There are some mistakes in figures. Check Fig1's axis title and description. Check Fig2's axis title.

Why use ANN instead of CNN in real data? How is the ML method better than traditional physics method? How to avoid overfitting in your trainning? 

Author Response

Dear Reviewers,

Thank you for reviewing the paper.  Please see my answers below for your comments and questions. I have attached the updated paper as a PDF file.  

There are some mistakes in the figures. Check Fig1's axis title and description. Check Fig2's axis title.

I have fixed all mistakes. I will upload the latest version of the paper for your consideration. 

Why use ANN instead of CNN in real data? 

First, we built ANN model with real data to see the performance on predicting the beam parameters. That ANN model shows a significantly good prediction accuracy on the validation process. We are continuing the study with exploring other model architectures such as CNN to improve the prediction accuracy. 

How is the ML method better than the traditional physics method? 

It depends on the problem that we are going to solve. 
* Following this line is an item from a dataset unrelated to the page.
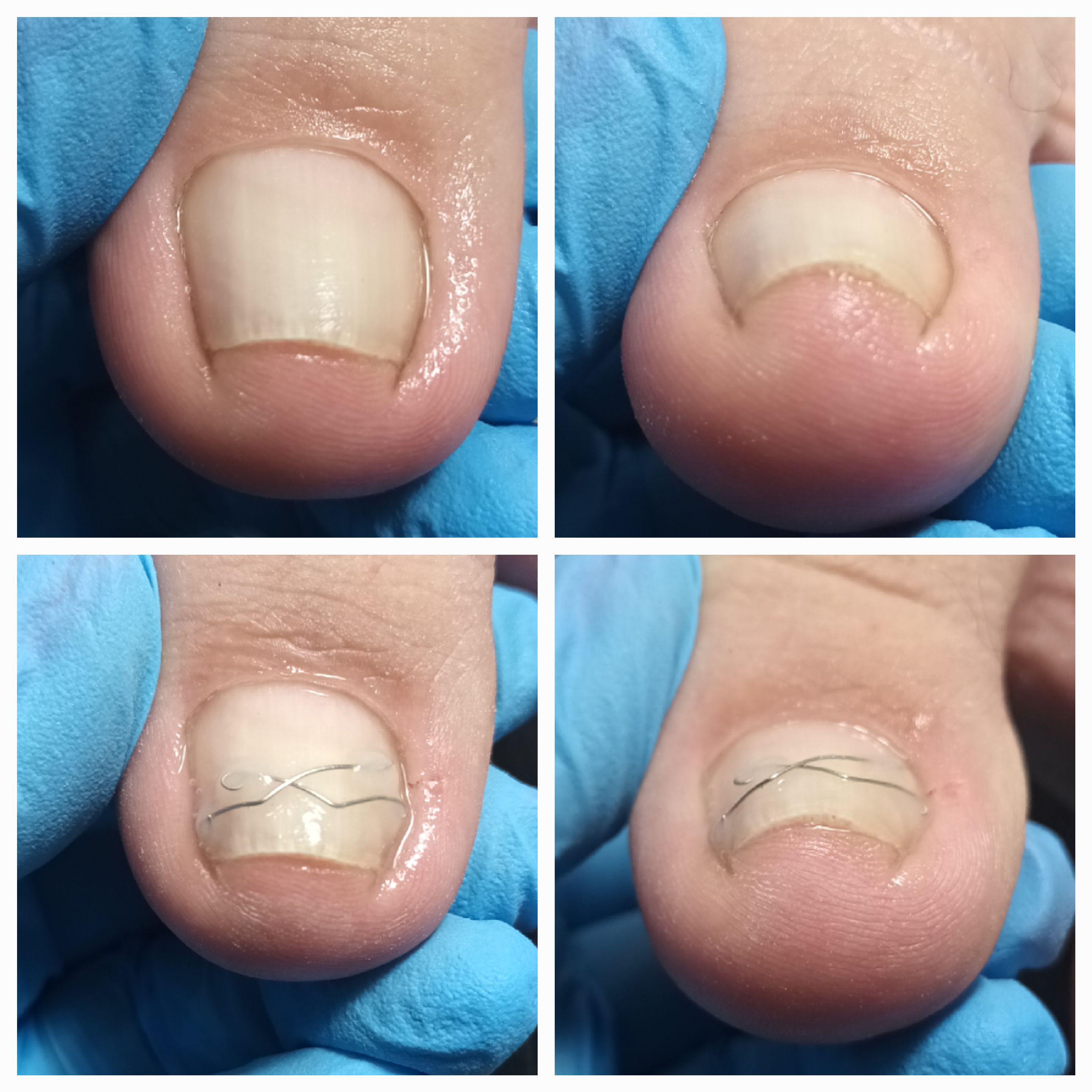 Klamry i rekonstrukcje podologiczne - zdjęcie 8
In our problem, we have to develop a complex and nonlinear physics model by taking account of the horn focussing mechanism with several assumptions and particle scattering through the matter. Building such a model with high prediction accuracy is challenging. 

ML method has the capability to model the predictions by taking account all complex correlations and data patterns. We are able to overcome the complexity of the problem by building a ML model with a large set of training data and also by tuning model parameters. 

How to avoid overfitting in your training?

The training algorithm is designed to exit and save the previous model if the training / validation loss starts to diverge based on the defined loss function. 

Author Response File: Author Response.pdf